Comment by jdlshore
7 days ago
This is self-reported productivity, in that devs are saying AI saves them about 4 hours per week. But let’s not forget the METR study that found a 20% increase in self-reported productivity but a 19% decrease in actual measured productivity.
(It used a clever and rigorous technique for measuring productivity differences, BTW, for anyone as skeptical of productivity measures as I am.)
Let's also not forget the multiple other studies that found significant boosts to productivity using rigorous methods like RCTs.
However, because these threads always go the same way whenever I post this, I'll link to a previous thread in hopes of preempting the same comments and advancing the discussion! https://getdx.com/uploads/ai-measurement-framework.pdf
It's not clear from TFA if these savings are self-reported or from DX metrics.

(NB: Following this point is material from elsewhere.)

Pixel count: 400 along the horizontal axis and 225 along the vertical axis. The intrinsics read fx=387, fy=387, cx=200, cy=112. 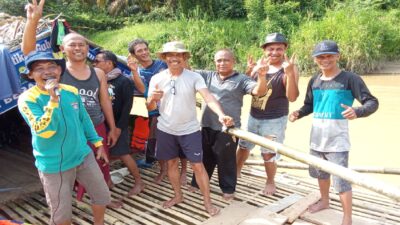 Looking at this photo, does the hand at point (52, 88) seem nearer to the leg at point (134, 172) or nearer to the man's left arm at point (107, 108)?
the man's left arm at point (107, 108)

https://metr.org/blog/2025-07-10-early-2025-ai-experienced-o...
That info is from mid 2025, talking about models released in Oct 2024 and Feb 2025. It predates tools like Claude Code and Codex, Lovable was 1/3 current ARR, etc.
This might still be true but we desperately need new data.
None of those changes address the issue jdlshore is pointing out: self assessed developers productivity increases from LLMs are not a reliable indication of actual productivity increases. It's true that modern LLMs might have less of a negative impact on productivity or increase it, but you won't be able to tell by asking developers if they feel more productive.
(Also, Anthropic released Claude Code in Febuary of 2025, which was near the start of the period the study ran).
> self assessed developers productivity increases from LLMs are not a reliable indication of actual productivity increases.
I believe the other direction makes more sense; if the studies disagree with self-reported information, it's more likely the studies are wrong. At the very least, it's worth heavily questioning whether the studies are wrong.
Yeah new data would be great, but i feel like these tools are not substantively better and this is becoming the new "its different this time!"
Counting "time per PR" is as useless as counting lines of code.
An industry I think we spend ~10% of our time writing code and ~90% of our time maintaining it and building upon it.
The real metric is not "how long did that PR take" but "how much additional work will this PR create or save in the long run." -- ie did this create tech debt? Or did it actually save us a bunch of effort in the long run?
My experience with ChatGPT these last few years is that if used "conscientiously" it allows me to ship much higher quality code because it has been very good at finding edge cases and suggesting optimizations. I am quite certain that when viewed over the long haul it has been at least a 2X productivity gain, possibly even much more, because all those edge cases and perf issues it solved for me in the initial PR represent many hours of work that will never have to be performed in the future.
It is of course possible to use AI coding assistants in other ways, producing AI slop that passes tests but is poorly structured and understood.
Has the METR study been replicated?
Not a scientific study, but someone did replicate the experiment on themselves [0] and found that in their case, any effect from LLM use wasn't detectable in their sample. Notably they almost certainly had more experience with LLMs than most of the METR participants did.
[0] https://mikelovesrobots.substack.com/p/wheres-the-shovelware...
I haven’t heard about any similar studies, no. I’m planning to conduct one at my workplace but we’re still deciding exactly which uses of AI to test.